‘I shall not forget it,’ said the captain, ‘but if you tell me to keep silence I will obey. I would do anything rather than live out of your society.’

‘If you ever repeat what you have said this afternoon, our friendship will be ended.’

‘Anything sooner than that.’

He took the little hand again and kissed it tenderly. So there was a kind of compact between them. He was to go on adoring her, but was to say nothing about it.

Captain Standish rode back to Great Yafford in excellent humour. He had considerably embellished the fact of his return, in his conversation with Mrs. Piper. He had come back because the weather had been abominable, and the birds hardly visible behind a dense curtain of driving rain. Three days of such uncomfortable sport had been quite enough for the captain.
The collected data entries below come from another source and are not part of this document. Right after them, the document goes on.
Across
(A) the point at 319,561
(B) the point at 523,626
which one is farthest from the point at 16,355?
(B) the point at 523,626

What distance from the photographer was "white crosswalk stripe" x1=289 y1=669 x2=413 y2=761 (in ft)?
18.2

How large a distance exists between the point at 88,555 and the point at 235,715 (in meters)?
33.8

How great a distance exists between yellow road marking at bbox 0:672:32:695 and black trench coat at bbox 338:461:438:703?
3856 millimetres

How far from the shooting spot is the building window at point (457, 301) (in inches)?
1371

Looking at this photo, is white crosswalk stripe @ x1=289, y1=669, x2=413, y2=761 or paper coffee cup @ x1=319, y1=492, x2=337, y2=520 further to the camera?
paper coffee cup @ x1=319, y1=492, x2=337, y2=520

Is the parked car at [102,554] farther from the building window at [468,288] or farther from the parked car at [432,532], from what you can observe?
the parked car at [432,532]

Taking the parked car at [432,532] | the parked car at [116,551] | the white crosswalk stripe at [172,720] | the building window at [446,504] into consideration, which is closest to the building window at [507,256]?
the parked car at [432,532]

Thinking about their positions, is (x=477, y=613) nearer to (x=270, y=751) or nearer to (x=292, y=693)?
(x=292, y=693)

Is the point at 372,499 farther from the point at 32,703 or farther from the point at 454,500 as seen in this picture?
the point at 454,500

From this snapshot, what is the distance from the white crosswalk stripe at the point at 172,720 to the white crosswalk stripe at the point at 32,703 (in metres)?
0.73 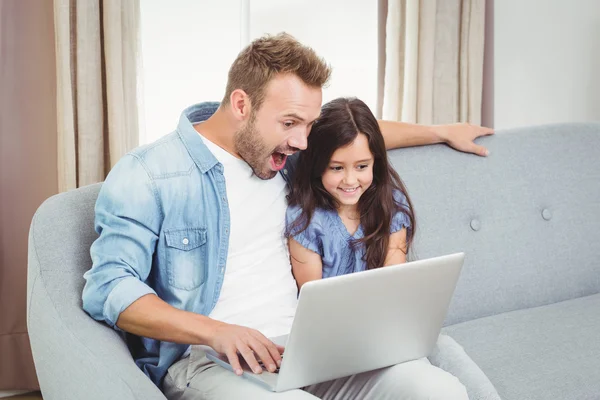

‘Poor little thing,’ he mused, as he walked his horse, after a swinging galop over a grassy waste, ‘how very weak she is! I am glad she doesn’t want me to run away with her. It would be uncommonly inconvenient. But when a man has flirted as desperately as I have a woman expects him to say something serious. She’s really very pretty—quite the most fascinating little thing I’ve met for a long time. And if she were single—all things being equal—I don’t think I should object to marry her.’

CHAPTER XIV.

A TURN OF FORTUNE’S WHEEL.

Cyril Culverhouse lived his useful life, full of thought and care for others, honoured, beloved, but with a deep and settled sadness at his heart. He could not forget the woman he loved, he could not forgive himself for having doubted her. Both their lives were blighted by that mistake; and yet, looking back, he knew that he had tried to do his duty. Love seemed a snare of Satan, and he had cut himself free from its meshes. But after that meeting in the churchyard all his doubts vanished, his judgment wavered no longer. There is a power in simple truth, when we meet it face to face, that is stronger than all reasoning upon a chain of possibilities.

He was convinced for ever of her guiltlessness, in the hour when he believed her irrevocably lost to him. Could he ever forget that meeting—that one despairing kiss—the sight of her lying at his feet among the rank grass that grows on graves? And she had confessed her love for him, by flying from a loveless marriage.